= WORK REQUEST =
Provide only the number of lines below that hold "Ford".

Dataset entries

• • • • • • •

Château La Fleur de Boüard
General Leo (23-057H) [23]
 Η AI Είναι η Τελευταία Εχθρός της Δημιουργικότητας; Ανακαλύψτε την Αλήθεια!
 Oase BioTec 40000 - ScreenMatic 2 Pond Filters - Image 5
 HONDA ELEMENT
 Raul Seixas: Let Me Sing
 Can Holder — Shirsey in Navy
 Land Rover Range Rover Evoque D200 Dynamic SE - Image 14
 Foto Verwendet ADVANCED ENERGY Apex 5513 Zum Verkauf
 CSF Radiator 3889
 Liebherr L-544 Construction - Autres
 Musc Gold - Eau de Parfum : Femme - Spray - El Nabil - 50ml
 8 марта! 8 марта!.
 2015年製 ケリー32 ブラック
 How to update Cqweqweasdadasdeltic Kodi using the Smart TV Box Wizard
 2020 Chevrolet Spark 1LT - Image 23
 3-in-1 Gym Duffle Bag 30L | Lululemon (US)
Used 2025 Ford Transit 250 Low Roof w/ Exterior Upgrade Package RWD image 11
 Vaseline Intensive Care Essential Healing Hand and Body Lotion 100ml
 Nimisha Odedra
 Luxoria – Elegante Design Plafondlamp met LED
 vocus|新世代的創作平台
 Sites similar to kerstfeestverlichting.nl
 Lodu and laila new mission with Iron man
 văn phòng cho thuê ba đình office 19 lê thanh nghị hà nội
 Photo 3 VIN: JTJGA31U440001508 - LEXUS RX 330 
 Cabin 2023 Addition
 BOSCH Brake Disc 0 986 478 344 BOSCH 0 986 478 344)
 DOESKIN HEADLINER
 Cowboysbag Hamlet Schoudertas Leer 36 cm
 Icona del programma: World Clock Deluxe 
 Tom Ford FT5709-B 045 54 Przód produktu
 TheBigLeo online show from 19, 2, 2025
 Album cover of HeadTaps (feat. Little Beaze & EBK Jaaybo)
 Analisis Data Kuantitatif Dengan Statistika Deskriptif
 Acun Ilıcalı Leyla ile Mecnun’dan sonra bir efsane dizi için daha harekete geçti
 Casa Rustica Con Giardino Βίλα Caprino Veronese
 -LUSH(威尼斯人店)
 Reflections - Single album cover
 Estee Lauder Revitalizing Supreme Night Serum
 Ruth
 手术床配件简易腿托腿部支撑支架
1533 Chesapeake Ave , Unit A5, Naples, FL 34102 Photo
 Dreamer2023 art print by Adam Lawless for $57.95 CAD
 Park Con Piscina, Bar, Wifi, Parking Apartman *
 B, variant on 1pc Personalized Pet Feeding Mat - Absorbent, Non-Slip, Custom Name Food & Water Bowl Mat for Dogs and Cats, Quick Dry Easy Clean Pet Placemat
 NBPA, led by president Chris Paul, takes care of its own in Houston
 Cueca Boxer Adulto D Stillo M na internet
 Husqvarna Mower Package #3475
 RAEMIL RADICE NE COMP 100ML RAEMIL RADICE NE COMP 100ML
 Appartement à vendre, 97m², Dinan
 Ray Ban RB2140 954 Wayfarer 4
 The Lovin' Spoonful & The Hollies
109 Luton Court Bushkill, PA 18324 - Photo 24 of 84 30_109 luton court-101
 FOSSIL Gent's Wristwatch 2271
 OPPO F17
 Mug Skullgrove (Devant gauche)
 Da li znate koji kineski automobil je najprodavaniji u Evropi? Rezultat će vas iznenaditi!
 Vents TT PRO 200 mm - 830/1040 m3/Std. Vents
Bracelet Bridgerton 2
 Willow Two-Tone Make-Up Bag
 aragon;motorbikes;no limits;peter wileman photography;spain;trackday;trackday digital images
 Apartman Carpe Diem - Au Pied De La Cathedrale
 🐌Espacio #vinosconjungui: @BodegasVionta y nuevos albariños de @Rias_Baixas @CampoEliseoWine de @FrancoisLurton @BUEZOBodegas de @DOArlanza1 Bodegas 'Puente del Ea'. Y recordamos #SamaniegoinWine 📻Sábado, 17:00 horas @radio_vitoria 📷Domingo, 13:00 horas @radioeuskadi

• • • • • • •

= ANSWER BOX =
2